The Ministry of Commerce of China issued a draft Foreign Investment Law earlier in a significant move to reduce barriers to foreign investment through streamlining the current regulatory framework and replacing three existing laws, namely the Sino Foreign Equity Joint Venture Law, the Wholly Foreign owned Enterprise Law and the Sino-Foreign Contractual Joint Venture Law.
The principle of national treatment, the narrowed focus on investment actually controlled by non-Chinese persons, the emphasis on openness and transparency, the consolidation of rules relating to foreign investment, and the convergence of organizational and governance arrangements for foreign-invested and domestic enterprises are all positive developments.
When the new law comes into effect, foreign companies will be treated – more or less – in the same legal manner as other domestic companies in the country. However, there are a number of areas in the draft law needing further modifications and clarifications in order to design a thorough and comprehensive modernization of China’s foreign investment regime.
There are many provisions of the draft law that raise important concerns in relation to the rule of law, and there are fundamental uncertainties about the scope of “foreign investment” governed by the new rules, particularly flowing from the broad and vague concept of “control.”
In this regard, the vague and undefined concepts of “material influence” and “decisive influence,” for instance, are particularly troublesome. The definition of “decisive influence” should be clarified explicitly to exclude the kind of “negative controls” or minority investor approval rights, including those relating to financing and fundamental operational matters, that are typically negotiated to protect minority investors (as well as lenders and commercial counterparties) against controlling investors using their power to change the agreed parameters of an investment project.
The provisions regarding national security review covering all foreign investment are also extremely broad and vague, and are based on the very expansive concept of “national security.” There are no standards nor criteria, and no avenues for review, that satisfy the standards for rule of law in application of the national security review, particularly given the comprehensive scope of “national security” as conceived in the draft law.
In addition, it puts unfair requirements and potential liabilities on foreign investors with respect to application for and reporting related to national security review. Given the universal scope of factors that are defined as relevant to “national security,” it would be impossible for foreign investors in many circumstances to know whether application for national security review is required or not.
The draft law is a somewhat radical departure from previous regulation of foreign investment in the PRC, in that it would cause transactions occurring outside of China to trigger approval and reporting requirements in the PRC, with effects for China or international markets that may not have been fully taken into account.
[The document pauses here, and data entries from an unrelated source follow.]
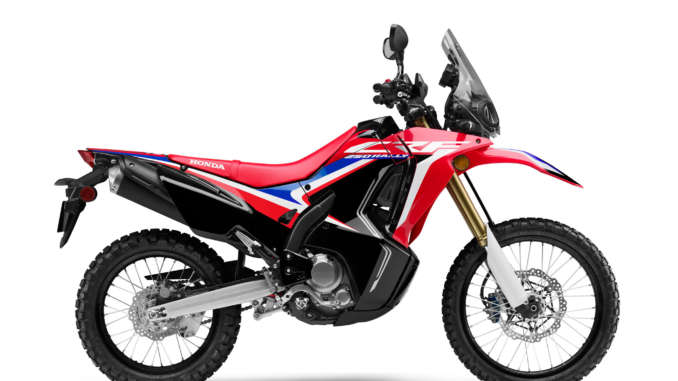 2020 Honda CRF250L Rally Guide • Total Motorcycle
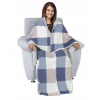 Brotex TV vrece micro 150x200 cm kocka modrá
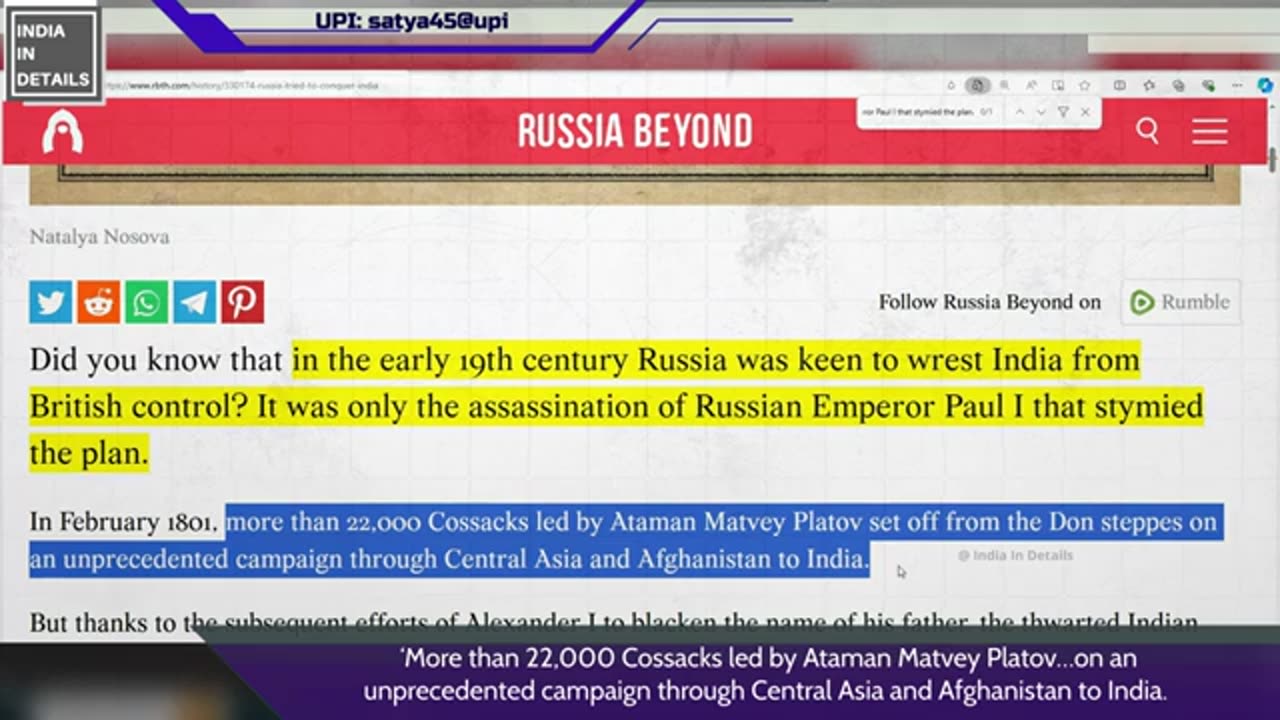 Reality of RUSSIAN media - What Russians actually think of INDIA - Karolina Goswami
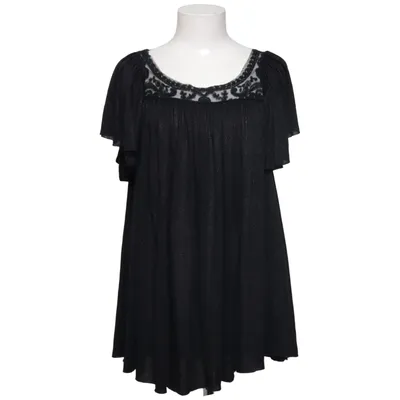 Blouse (Black) from Reflex Cotton, Polyester
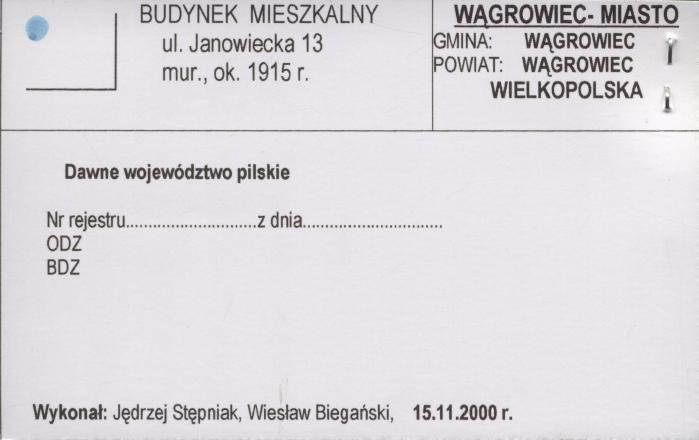 budynek mieszkalny, skan 1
The filing and reporting requirements based on nationality of ultimate owners of offshore enterprises may simply be unworkable for companies traded in fluid global markets where beneficial ownership reporting requirements do not provide the kind of information that would be necessary to ensure compliance with provisions of the draft law.
While it seems to reflect a policy to encourage greater competition, there are aspects of the draft law that are fundamentally anti-competitive because of the possibility of a broad and undefined range of limitations that can be placed on approved foreign investment operations, affording little room for protection against these being used to give competitive advantage to domestic enterprises.
Fair competition requires protection of proprietary information, including not just “trade secrets” and other intellectual property but also proprietary strategic, financial and other information concerning a business enterprise. The reporting requirements do not provide adequate assurances of the confidentiality of such information. More importantly, the national security review provisions can potentially be used without any accountability to protect the interests of competitors.
The draft law, in short, raises many issues regarding certainty and predictability in its current form – issues that can translate into pricing discounts, at best, and capital flight, at worst, in international capital markets. They harm both the ability of Chinese enterprises to raise capital and the ability of Chinese investors to realize the value of what they have created. China’s interests will be best served by giving full consideration to a wide range of experiences and perspectives in refining and improving the draft law.